_Exercise brief_
Exactly the lines from the one containing "Studio à Lamalou-les-Bains" through the final line of the data below, with pictures omitted, make up the answer.

*** Opening of Recorded information ***

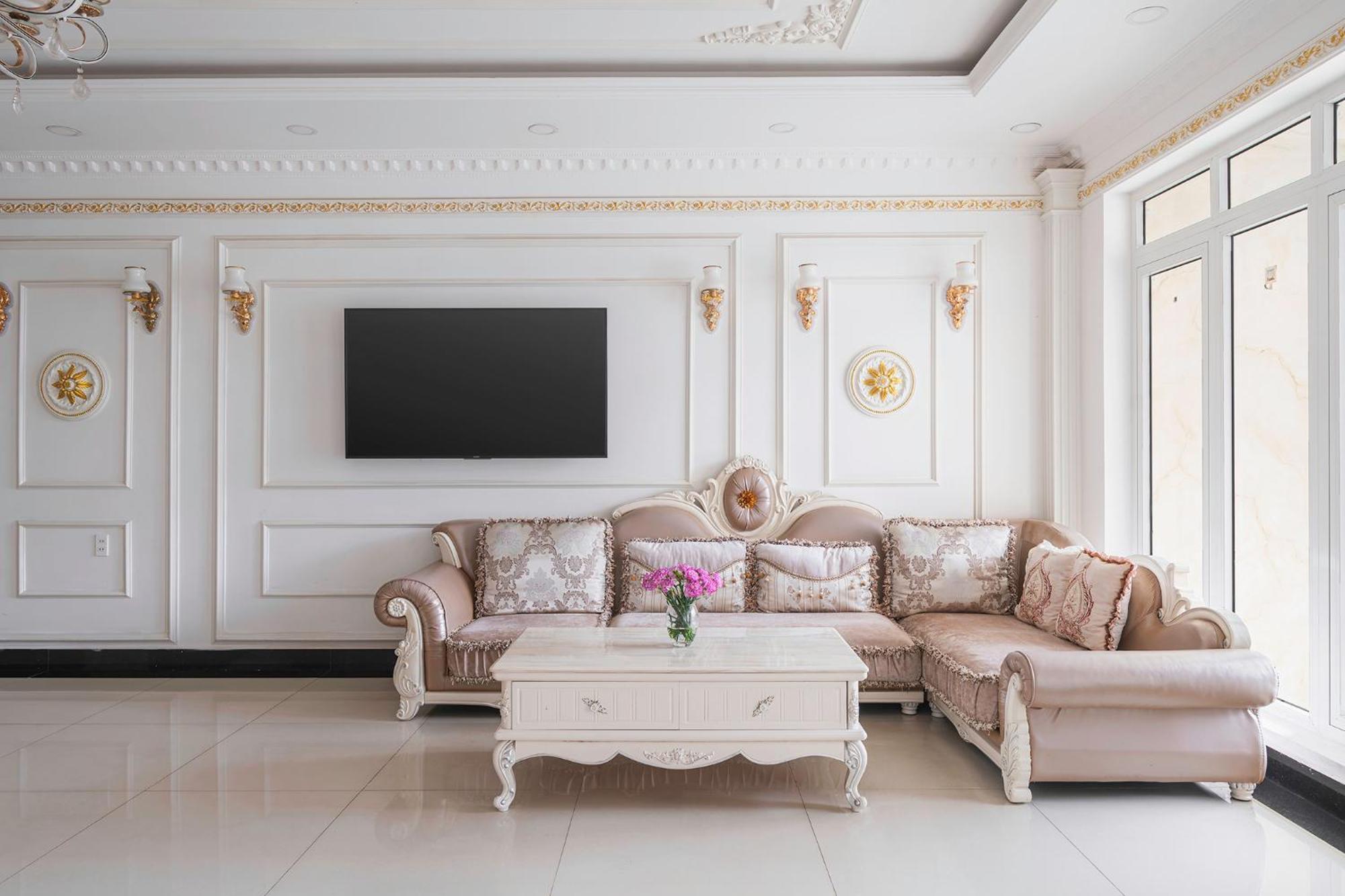 Arapang Hotel 2 Da Lat Zewnętrze zdjęcie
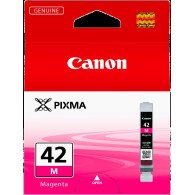 Canon CLI-42m magenta Cartuccia d'inchiostro (6386B001)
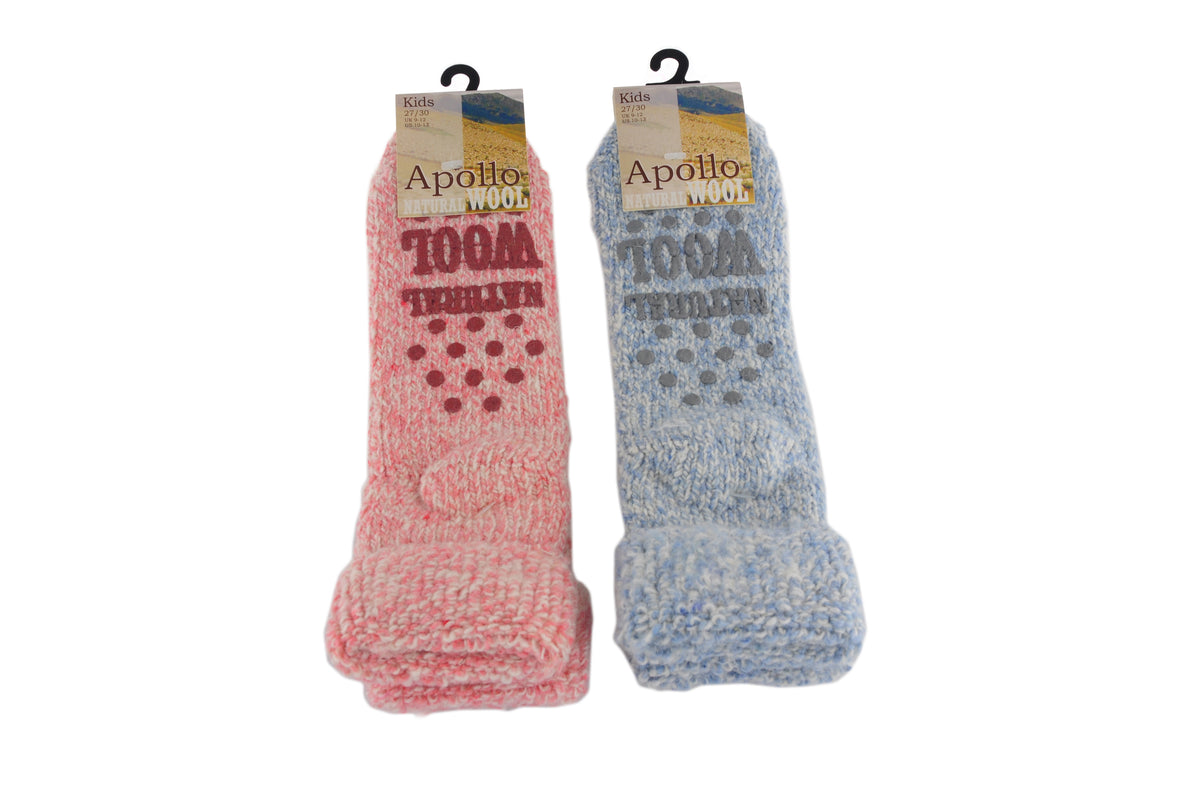 Apollo | antislip kindersokken
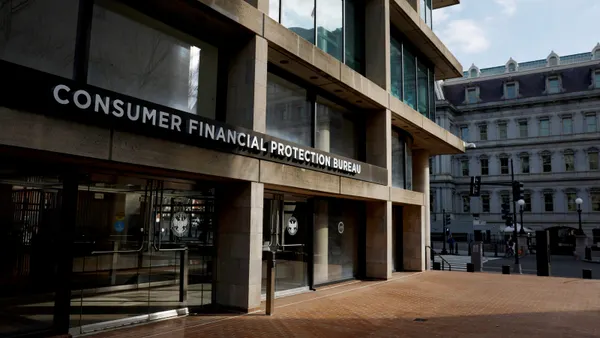 CFPB Russell Vought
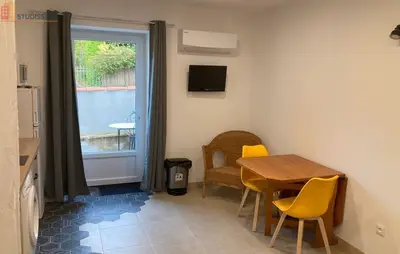 Studio à Lamalou-les-Bains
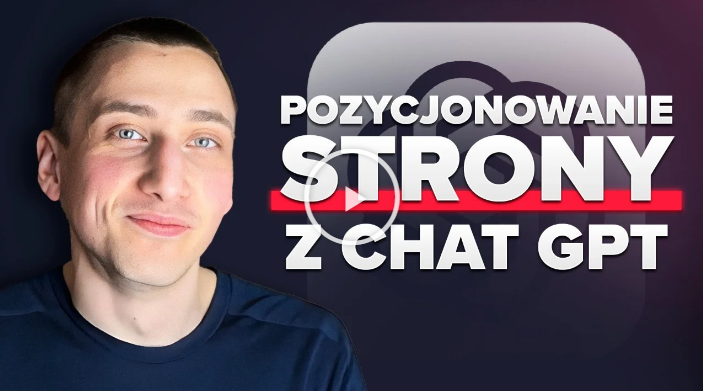 Pozycjonowanie SEO a ChatGPT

*** Close of Recorded information ***

_Solved exercise_
 Studio à Lamalou-les-Bains
 Pozycjonowanie SEO a ChatGPT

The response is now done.